Bülent Şahin Erdeğer
TT

Muhafazakarların günah keçisi: Selefilik

Eski Ahit'deki Kefaret Günü ayinlerinde Yahudi kavminin günahları simgesel olarak bir erkek keçiye yüklenirdi.
Bu keçi kurayla seçilir ve Azazel adlı kötü ruhu yatıştırmak ve Yahudi kavmini günahlarından arındırmak için Kudüs dışında bir uçurumdan aşağıya atılırdı.
Antik Yunanistan'da veba ve benzeri afetleri hafifletmek ya da önleme amacıyla günah keçisi olarak insanlar kullanılırdı.
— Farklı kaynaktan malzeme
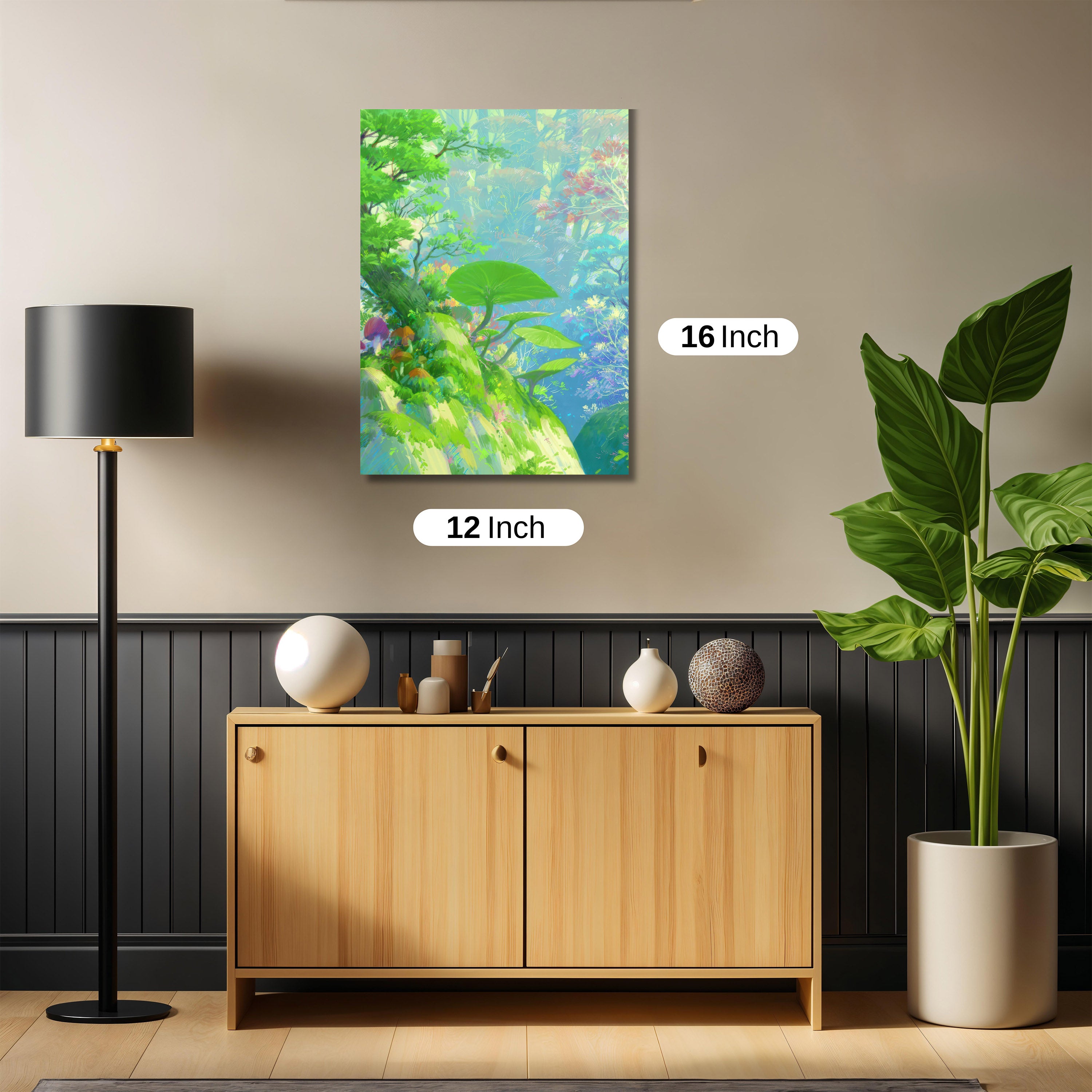 Enchanted Verdant M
Atinalılar, Thargelia Şenliği'nde bir kadın ve bir erkek seçilir, şölenden sonra bu çift kentte dolaştırılır, ince yeşil dallarla dövülüp kent dışına sürülür ve orada büyük olasılıkla taşlanırlardı. Böylece kentin bir yıl boyunca kötü talihten korunacağına inanılırdı.
Asıl suçluların, sorumluyken sorumsuzluk yapanların kendi günahlarını örtmek için uydurdukları “günah keçisi”nin öldürülmesi elbette sorunları çözmez, hastalıkları iyileştirmezdi. Sadece aptal yığınları kandırmaya, sorunların kangrenleşmesine yarardı...
O yüzden nerde bir günah keçisi varsa ona saldıranlara bakmalı.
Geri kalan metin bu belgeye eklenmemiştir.